9th Circuit Approves Forest Thinning Project

(CN) -- The 9th Circuit on Monday approved an experimental forest thinning project meant to reduce wildfires and beetle infestations in Oregon's Cascade mountain range.

Click here to read Courthouse News' Environmental Law Review.

The federal appeals court in Portland found that the U.S. Forest Service's plan to log 2,554 acres in the Deschutes National Forest meets federal guidelines for experimental thinning, fuels reduction and research programs. The project, which is already underway on the Lookout Mountain Unit of the Pringle Falls Experimental Forest, has been challenged by League of Wilderness Defenders - Blue Mountains Biodiversity Project since its inception.

The environmental group claimed in a 2010 lawsuit that the agency had failed to adhere to rigorous federal environmental standards while planning the project, and that it had used "hyperbolic" language, such as that wildfire and infestation posed an "imminent risk" to the forest and would likely be "catastrophic", to drum up public support for logging on the public lands.

U.S. District Judge Michael Hogan disagreed and ruled for the Forest Service, finding that the agency had broad discretion when planning projects for experimental forests.

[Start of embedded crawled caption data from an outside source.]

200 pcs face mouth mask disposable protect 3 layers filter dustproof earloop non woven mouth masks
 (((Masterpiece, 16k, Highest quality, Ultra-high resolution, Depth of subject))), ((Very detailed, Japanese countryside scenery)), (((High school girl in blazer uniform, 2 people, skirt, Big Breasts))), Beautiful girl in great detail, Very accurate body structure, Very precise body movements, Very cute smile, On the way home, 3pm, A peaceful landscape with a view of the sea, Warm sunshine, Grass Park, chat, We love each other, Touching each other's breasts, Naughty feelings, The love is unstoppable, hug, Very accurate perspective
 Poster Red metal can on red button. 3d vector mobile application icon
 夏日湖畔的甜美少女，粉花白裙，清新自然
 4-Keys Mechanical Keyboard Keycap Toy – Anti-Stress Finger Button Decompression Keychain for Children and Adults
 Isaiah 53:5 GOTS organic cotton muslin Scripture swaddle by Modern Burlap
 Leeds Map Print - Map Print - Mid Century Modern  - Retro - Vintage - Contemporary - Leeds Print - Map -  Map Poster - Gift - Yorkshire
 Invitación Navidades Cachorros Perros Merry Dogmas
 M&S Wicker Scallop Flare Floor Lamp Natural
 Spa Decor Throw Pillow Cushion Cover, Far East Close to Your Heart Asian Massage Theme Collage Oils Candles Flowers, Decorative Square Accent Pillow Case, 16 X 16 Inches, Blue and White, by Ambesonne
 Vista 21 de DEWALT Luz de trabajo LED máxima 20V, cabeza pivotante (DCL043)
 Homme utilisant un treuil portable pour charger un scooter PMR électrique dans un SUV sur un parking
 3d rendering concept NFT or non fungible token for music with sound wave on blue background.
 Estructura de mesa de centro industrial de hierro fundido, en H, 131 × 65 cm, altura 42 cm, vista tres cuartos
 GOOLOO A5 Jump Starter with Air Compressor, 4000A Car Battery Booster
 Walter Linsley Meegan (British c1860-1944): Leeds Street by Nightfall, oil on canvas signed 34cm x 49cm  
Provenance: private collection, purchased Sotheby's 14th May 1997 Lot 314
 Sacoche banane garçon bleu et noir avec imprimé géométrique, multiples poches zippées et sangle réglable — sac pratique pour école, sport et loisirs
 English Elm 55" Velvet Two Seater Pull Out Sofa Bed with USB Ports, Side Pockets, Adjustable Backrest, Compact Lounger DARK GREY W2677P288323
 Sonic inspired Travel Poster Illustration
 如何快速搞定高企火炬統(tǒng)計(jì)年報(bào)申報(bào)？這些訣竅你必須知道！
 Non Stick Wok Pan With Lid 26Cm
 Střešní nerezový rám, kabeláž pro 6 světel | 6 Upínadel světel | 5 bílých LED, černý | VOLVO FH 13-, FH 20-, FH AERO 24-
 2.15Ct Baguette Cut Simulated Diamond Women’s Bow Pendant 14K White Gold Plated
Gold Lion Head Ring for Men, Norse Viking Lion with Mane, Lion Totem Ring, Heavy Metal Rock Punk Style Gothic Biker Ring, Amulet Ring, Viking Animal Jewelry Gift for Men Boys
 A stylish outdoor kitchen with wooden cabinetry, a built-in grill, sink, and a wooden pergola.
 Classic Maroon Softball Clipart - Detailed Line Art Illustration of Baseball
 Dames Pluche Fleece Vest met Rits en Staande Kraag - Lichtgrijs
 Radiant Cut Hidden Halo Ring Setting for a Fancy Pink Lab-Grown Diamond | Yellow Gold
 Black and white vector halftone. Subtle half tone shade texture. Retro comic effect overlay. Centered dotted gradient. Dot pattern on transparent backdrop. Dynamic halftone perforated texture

The League of Wilderness Defenders also failed to win an emergency injunction against the project last summer, and Interfor Pacific Inc. moved ahead with logging, according to the court. The project, which will remove about 27 to 29 million board feet of timber, or about 70 percent of trees larger than 6 inches in diameter at breast height, is expected to last until 2013.

The 9th Circuit's three-judge panel unanimously affirmed on Monday.

"The service proposes a forest management research project in an experimental forest specifically set aside for such study," wrote Judge William Fletcher for the court. "The EIS considers in detail a reasonable range of alternatives that would fulfill both of the project's goals by reducing the risk of wildfire and beetle infestation, and by addressing six specified research objectives. The EIS is adequately supported by scientific data and takes a hard look at the significant impacts of the project."

As for the agency's alleged use of hyperbole, the panel found that it was a "close question" but that the Forest Service could be excused because it tempered the language somewhat by explaining that "imminent risk does not mean immediate mortality."